It wouldn't surprise me at all if people have a secret "tone score" or similar that is assigned by moderators every time they make a nasty comment. And if that is the case, looking back on Church's comments it should be pretty clear that he'd have racked up one of the highest (lowest?) tone scores on HN. His comments are full of bitterness and hatred and scorn.
I ask you: would you want to secretly fail a secret grading criterion because something about you (tone, content (Church says it's content-based discrimination), et cetera) is not acceptable to a moderator?
Crucial points are: secret failing and secret grading. I wouldn't; I'd value the feedback, or get the heck out of there.
I don't know if Paul Graham is at fault for this, just to be clear about it.

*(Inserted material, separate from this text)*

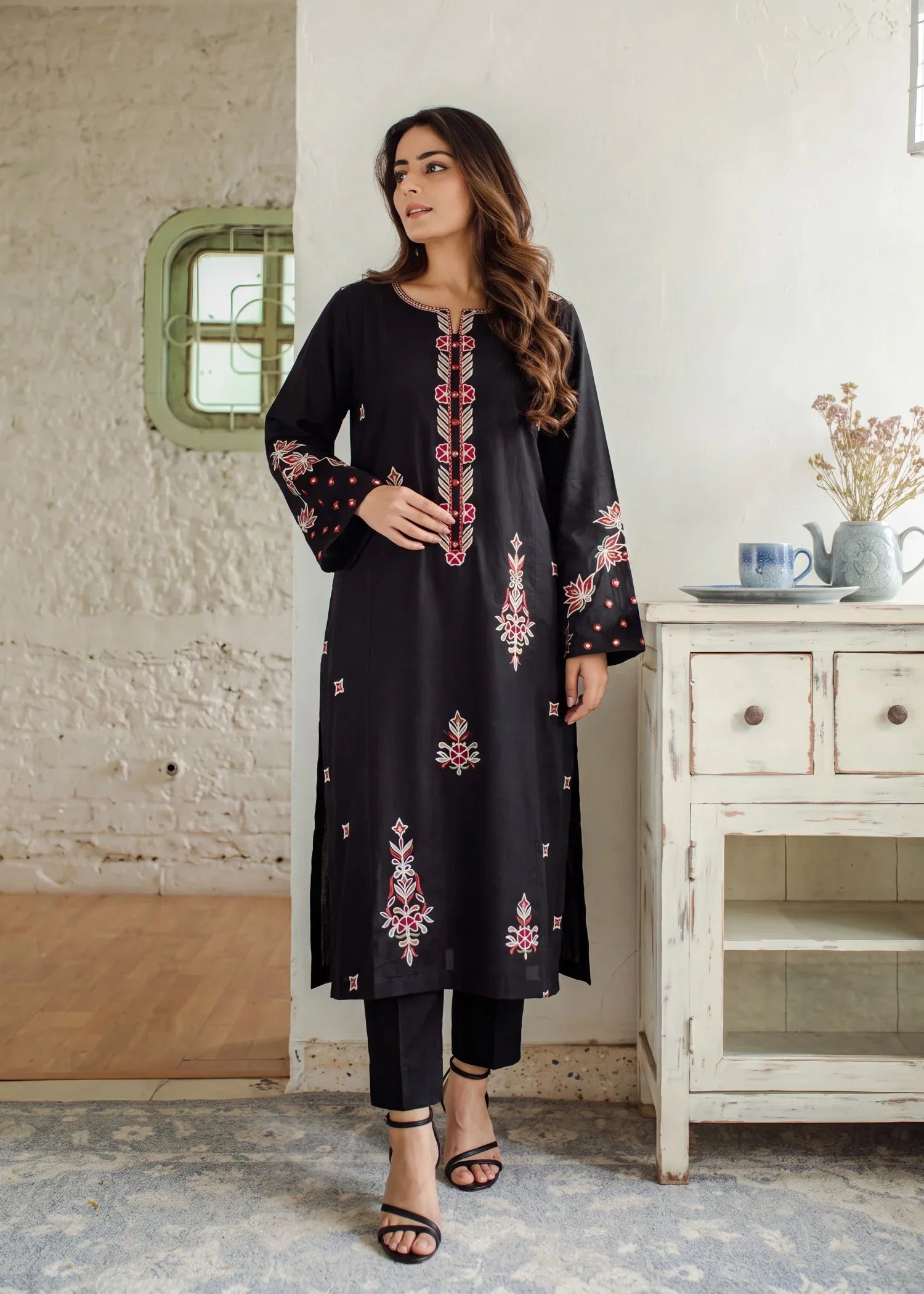 Roshina Premium Fabric Pakistani Summer Dresses - Sahiba-clothing - 5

Let's say he were. If he came out and said, "This is my message board, and therefore I assign personal penalties to the posts of those who oppose my economic interests", I would respect that.
What I can't respect is a silent personal penalty. That's ridiculous.
I've had this suspicion for months-- and I didn't voice it at first, because I don't much care-- but it's the latency difference and the looking into position of historical posts that made the case strong.
Why is this important? Why is it interesting? Because if I am being personally penalized, that means that the establishment is threatened by people like me who speak the truth about it. That would be a really positive sign.
In both these cases, your signal is that people are choosing not to associate with you. If nobody wants to hang around you, that's a good sign you're doing something that's objectionable to a lot of people. If some people do want to hang around you but others don't, treasure the friends you have and stop sweating the ones you don't.
Easy way to find out - info@ycombinator.com.
I'm curious about his sources and their reasons for not coming forth. That he doesn't cite them by name leads to me to think they choose to be anonymous. I'm not accusing them of something.
I dislike the title. I need more information to decide for myself whether Paul Graham owes Michael O. Church an apology. I think Paul Graham has a hand, albeit limited, in deciding whether he owes Church an apology.
One commenter on my blog suggested the problem may be an abuse of the "flag" option (which is only supposed to be used on spammers).
Paul Graham can respond to your post however he wants. He _could_ simply say, "I don't care."
You _want_ an apology because you _think_ you've been wronged. A blog post entitled, "I want an apology from Paul Graham" sounds whiny--I get it. Still, from where I'm sitting the title, even with the "probably" proviso, sounds like a power-grab that denies Paul Graham's ability to give whatever response he wants to you. Also it looks linkbaity to me[1].
[1] I dislike linkbaity titles. I don't deny their effectiveness; I clicked the link!
disclaimer: I teach public speaking professionally, so these kinds of less-than-explicitly-conscious word choices stick out to me.
Edited to emphasize that I agree with the spirit of his post, and that I'm nitpicking because I enjoy picking nits.